----- RECORD EXCERPTS -----

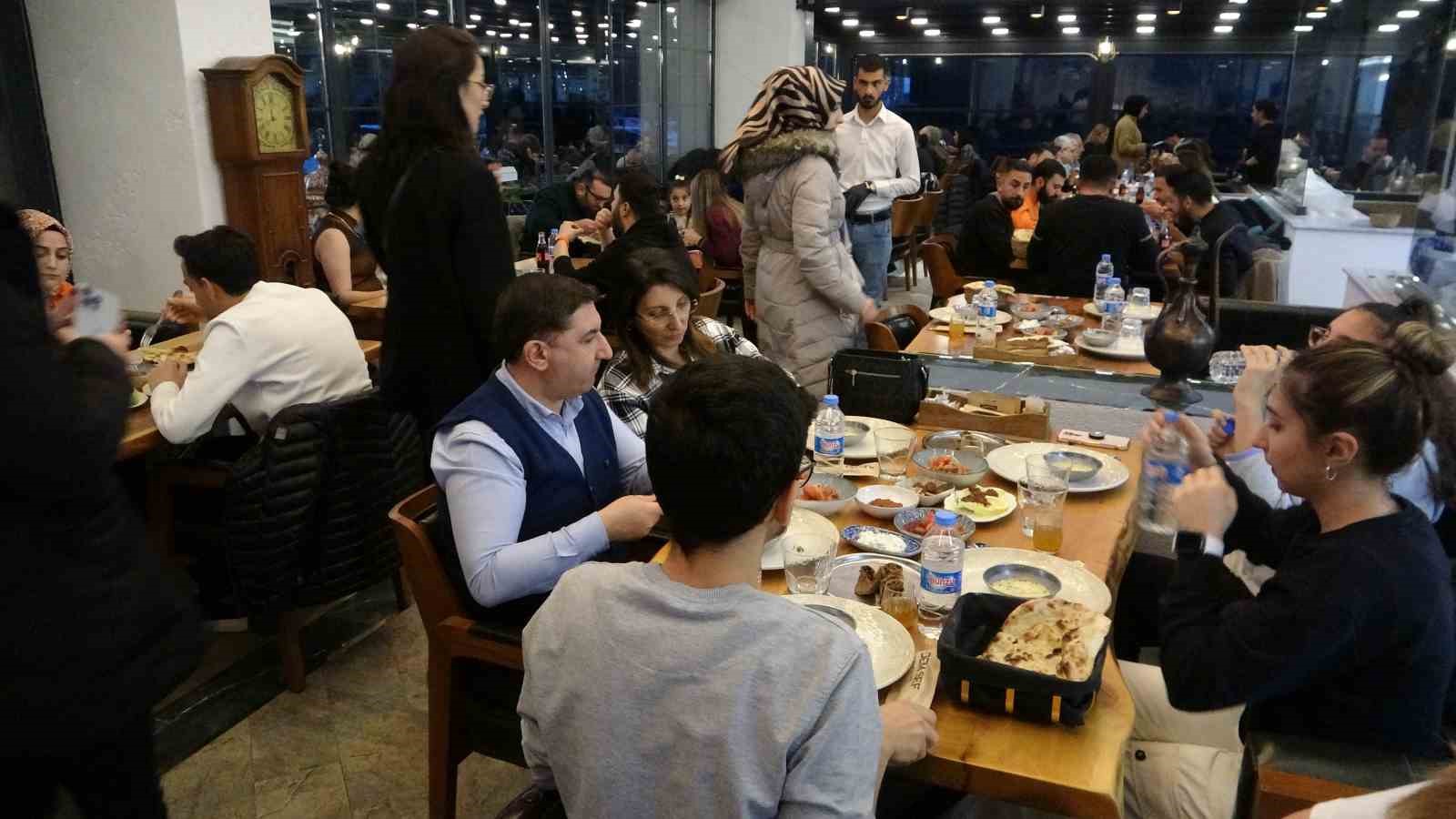 Van’ın yöresel yemeklerine yoğun ilgi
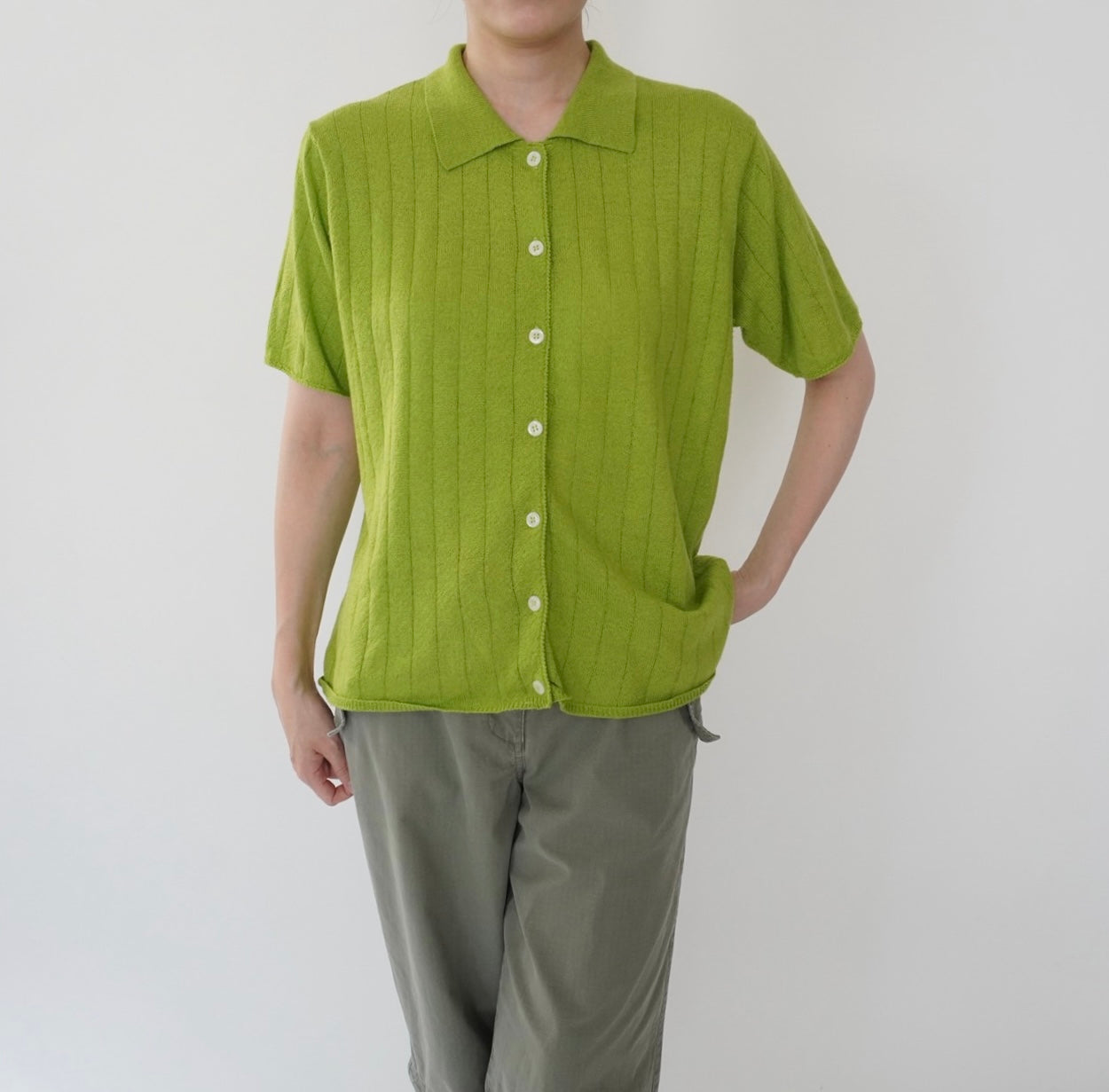 90s Ribbed Top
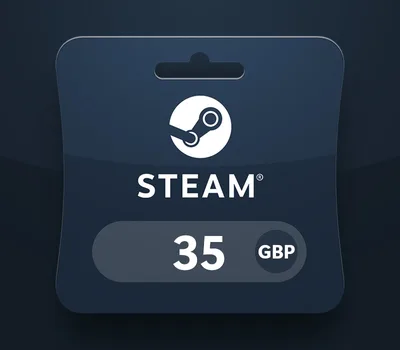 Steam Wallet GBP 35 Gift Card UK — лицензионный ключ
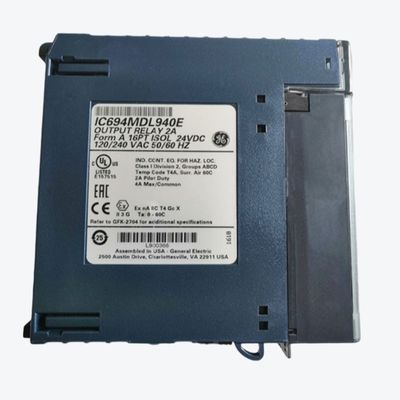 GE FANUC IC693ALG392 RX3I CHS012アナログCURRENT/VOLTAGEの出力モジュール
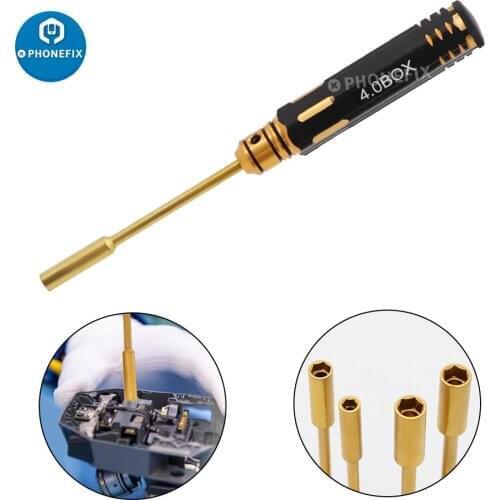 4/5.5/7/8mm Hex Head Bits RC Screwdriver For RC Quadcopter Helicopter FPV Drone Car Airplane Repair RC Screwdriver Repair Tools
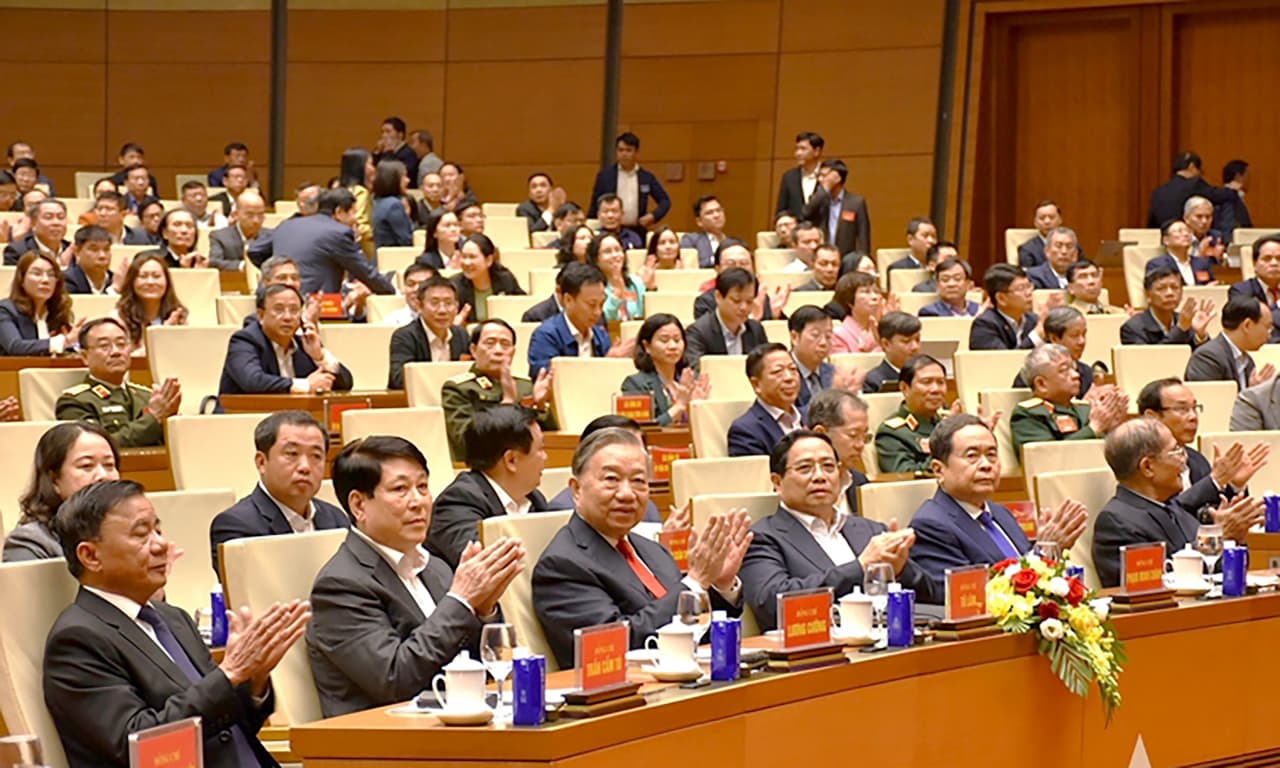 Hội nghị toàn quốc nghiên cứu, học tập, quán triệt và triển khai thực hiện Nghị quyết số 79-NQ/TW và Nghị quyết số 80-NQ/TW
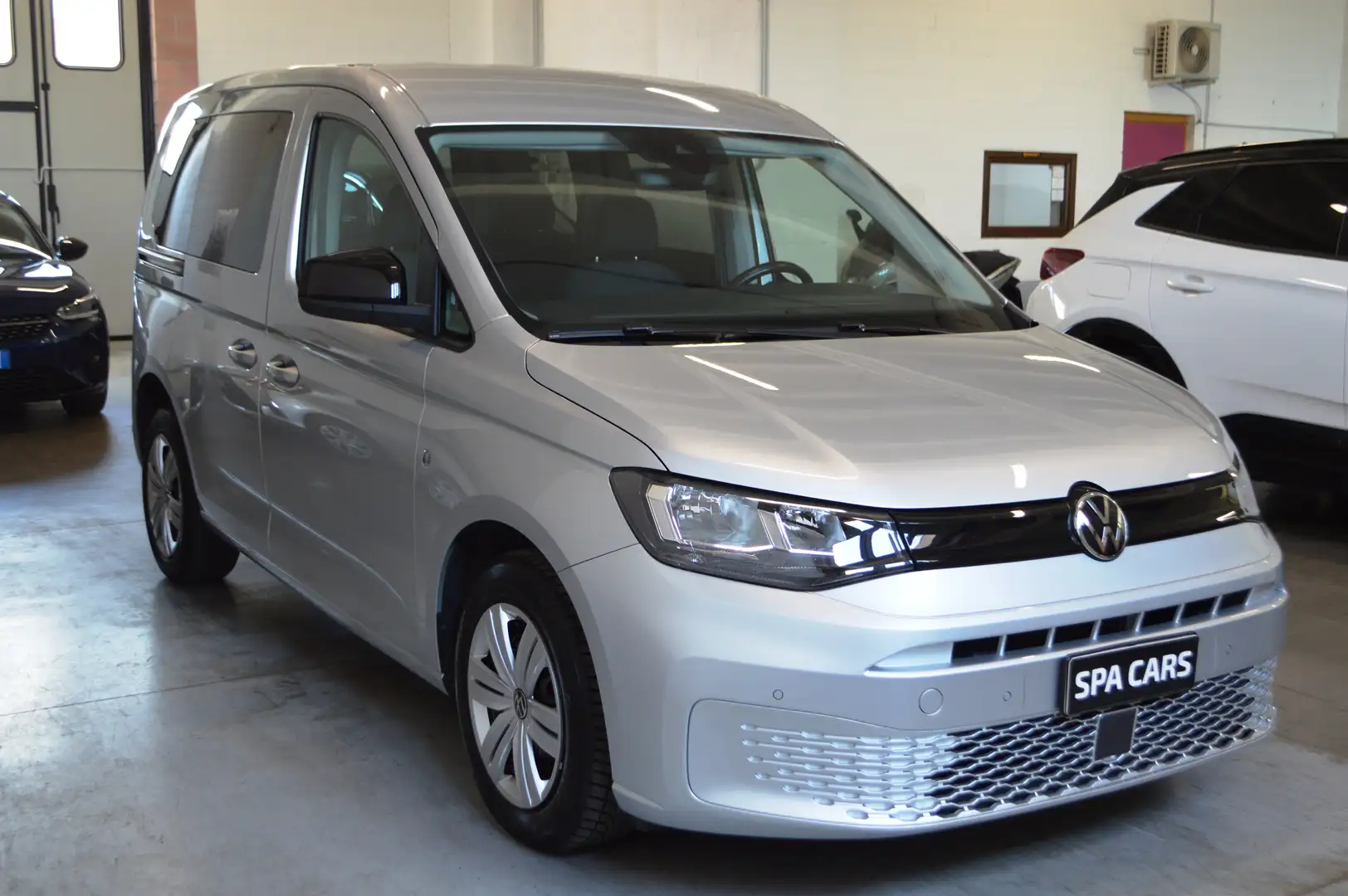 Volkswagen Caddy 2.0 Tdi 122cv DSG Space AZIENDALE !!! Argento - 2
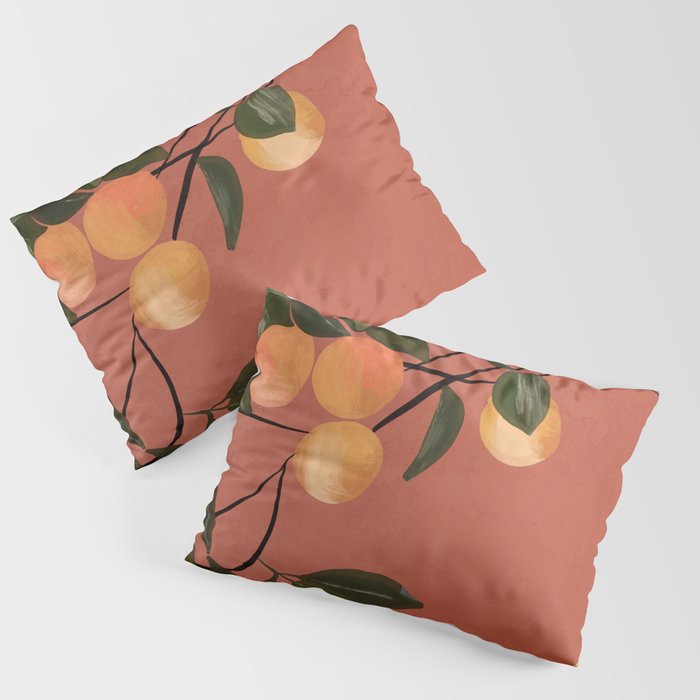 Oranges 4 Pillow Sham Gallery Image 3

-----

- _WHAT NEEDS TO BE DONE_: Print all the material above exactly, and drop the images.

- _PROBLEM SOLUTION_:
 Van’ın yöresel yemeklerine yoğun ilgi
 90s Ribbed Top
 Steam Wallet GBP 35 Gift Card UK — лицензионный ключ
 GE FANUC IC693ALG392 RX3I CHS012アナログCURRENT/VOLTAGEの出力モジュール
 4/5.5/7/8mm Hex Head Bits RC Screwdriver For RC Quadcopter Helicopter FPV Drone Car Airplane Repair RC Screwdriver Repair Tools
 Hội nghị toàn quốc nghiên cứu, học tập, quán triệt và triển khai thực hiện Nghị quyết số 79-NQ/TW và Nghị quyết số 80-NQ/TW
 Volkswagen Caddy 2.0 Tdi 122cv DSG Space AZIENDALE !!! Argento - 2
 Oranges 4 Pillow Sham Gallery Image 3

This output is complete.